Peter Frühmorgen vertieft den bereits im Auswertungsbericht vorhan­denen starken Fokus auf Strukturen und Routinen unter Rückgriff auf die Strukturationstheorie Anthony Giddens und schaut von dort her auf die Innovativität der neuen Leitungsformen in den pastoralen Räumen. Die Leitung im Team sieht er aber nur als „‚Reparaturinnovation‘, als Nachjustierung in einem bestehenden System“ (231). Und: „Insgesamt verbleibt den Verantwortlichen vor Ort angesichts starker formaler Regelungen in den Bereichen der Außendarstellung (insbesondere in der Liturgie), der kodifizierten Normen sowie der Finanz- und Personal­verwaltung nur die Möglichkeit, auf informeller Ebene Veränderungen herbeizuführen“ (236).
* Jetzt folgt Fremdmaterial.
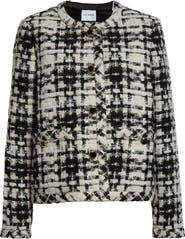 ST. JOHN Metallic Wool Blend Tweed Jacket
Die Linzer Assistenz-Professorin für Pastoraltheologie Judith Klaiber „konfrontiert“ die Würzburger Studie mit einer eigenen „pastoraltheo­logischen Studie mit nicht-kirchlichen Führungskräften aus dem öster­reichischen Top-Management unter dem Fokus ‚Macht. Führung. Sinn?‘“ (240). Der Aufsatz ist teilweise ein Anreißen von Literatur und Themen der Führungsforschung, teilweise ein Nebeneinanderstellen von Befunden aus beiden Studien. Eine der Anregungen daraus ist, einmal zu untersuchen, wie prägend sich eigene frühere Erfahrungen als selbst geführte Personen auswirken, wenn man nun selbst (pasto­rale) Leitungsfunktionen ausübt (256).

Eine kurze organisationspsychologische Überlegung steuert Johannes Schaller, Präsident der SRH Hochschule für Gesundheit in Gera, bei. Er vermisst im Auswertungsbericht die Perspektive der „Kunden“. „Wenn die Ausrichtung an ein externes Ziel, wie z.B. die Kundenzufriedenheit fehlt, dann […] besteht innerhalb von Gruppen die Gefahr, sich mit sich selbst zu beschäftigen, die eigenen Strukturen, Rollen, Abläufe in den Mittelpunkt der Aufmerksamkeit zu stellen – und dabei die Außen­orien­tierung zu verlieren“ (267). Damit bescheinigt er der Studie von ihrer Anlage her zumindest Ergänzungsbedürftigkeit.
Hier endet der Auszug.